According to a story in today's Guardian, Foreign & Colonial are targeting payouts made to executives of the Jarvis group, six of whose directors shared a payout of £807,000 despite the firm's share price having crashed from 566p to 9.5p, and Shell.
Karina Litvack, Foreign & Colonial's head of corporate governance, said: "We feel very strongly that this needs to be looked at. Shareholders should be protected against incompetence or lies." The Jarvis payouts were unacceptable, she said. "Something went horribly wrong and someone should have to take responsibility." Ms Litvack also suggested that directors had a moral responsibility to hand back cash they had not earned. "How can they accept the money?" she asked.
Foreign & Colonial also singled out Sir Phil Watts at Shell, who was ousted in March with more than £1m to cover his monthly salary to June 2005. "His bonuses were paid on the basis of [oil] reserves that were not there," Ms Litvack said.
. . . . Foreign & Colonial said a firm's remuneration committee "should maintain authority to withhold or reclaim all or part of non-base pay, including cash bonuses, options and stock awards, from executives" where appropriate.
Looking more closely at executive pay, it seems as if Foreign & Colonial have hit the spot with their focus on bonus payments.

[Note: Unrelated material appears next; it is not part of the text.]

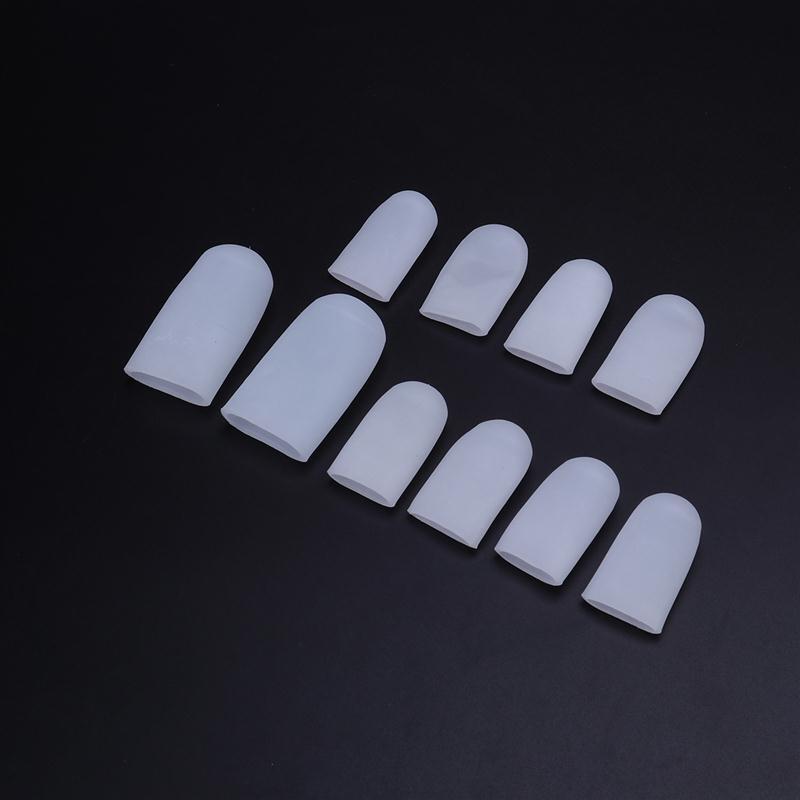 5/8 paia di protezione per puntale in Gel per puntale in Silicone per vesciche di mais sollievo dal dolore tubo per Gel per dita solette per massaggiatore per alluce valgo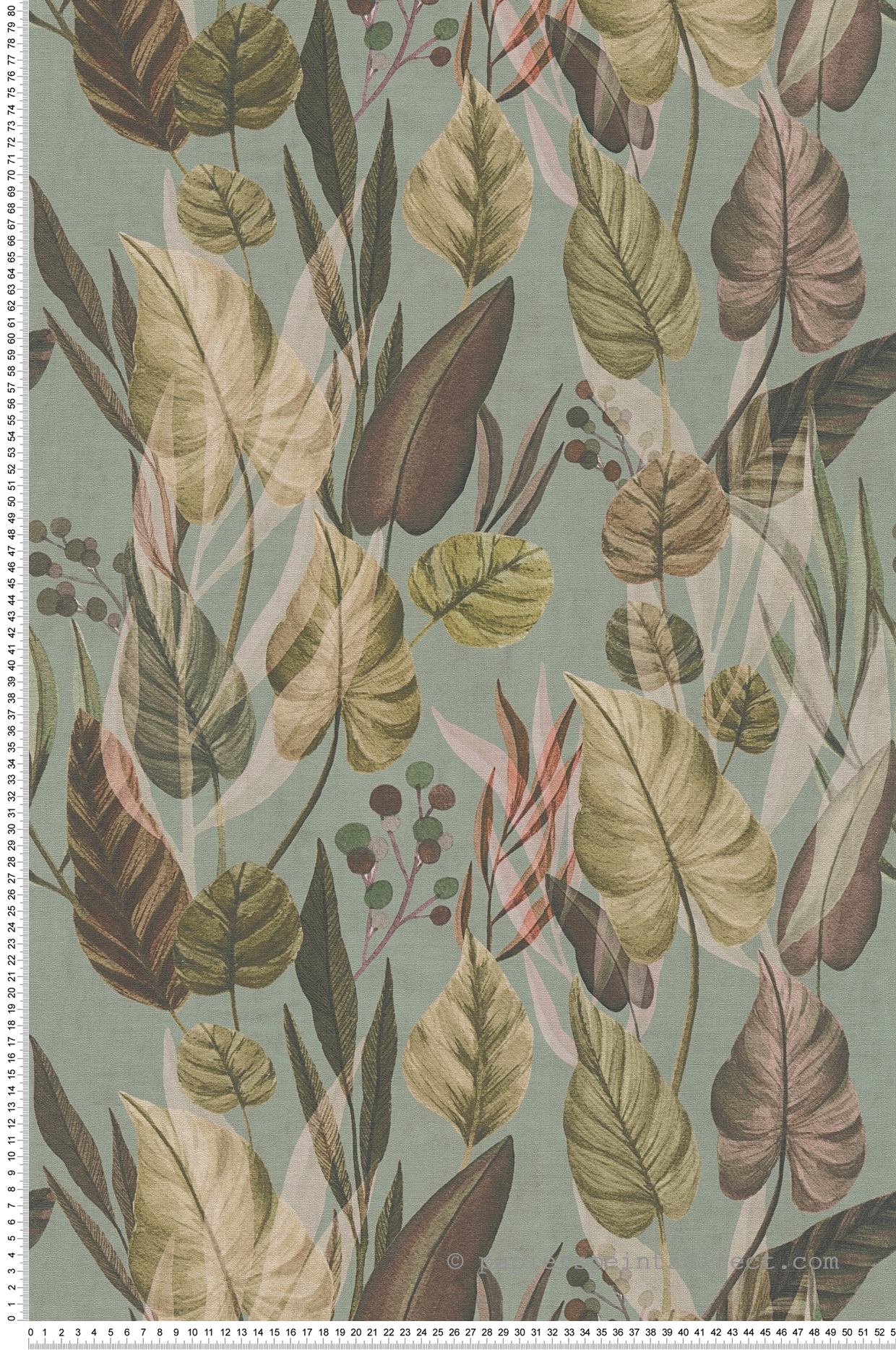 Papier peint Palmes Exotiques vert sauge - Anna D'Andrea d'A.S. Création | Réf. AS-782193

According to an analysis published earlier this month by pay consultancy Independent Remuneration Solutions (IRS), the basic average CEO salary of £968,000 adds up to an average of only 16 per cent of their total pay.
The plethora of additional benefits raises their average total remuneration package to £5.9m, IRS found.
And as another pay consultancy, Halliwell, has pointed out, the idea that these bonuses are linked to performance is "nonsense" because most are paid irrespective of whether firms meet their profit growth targets.
Yet another analysis has even shown that there is an inverse relationship between pay and profitability – the more the boss gets paid, the worse the company tends to perform.
While this type of pressure from institutional investors will undoubtedly begin to have an effect on executive pay in Britain, it may take rather longer to make itself felt across the Atlantic – where the CEO of Siebel Systems has received a $4.5m (£2.5m) severance package after less than a year in the job.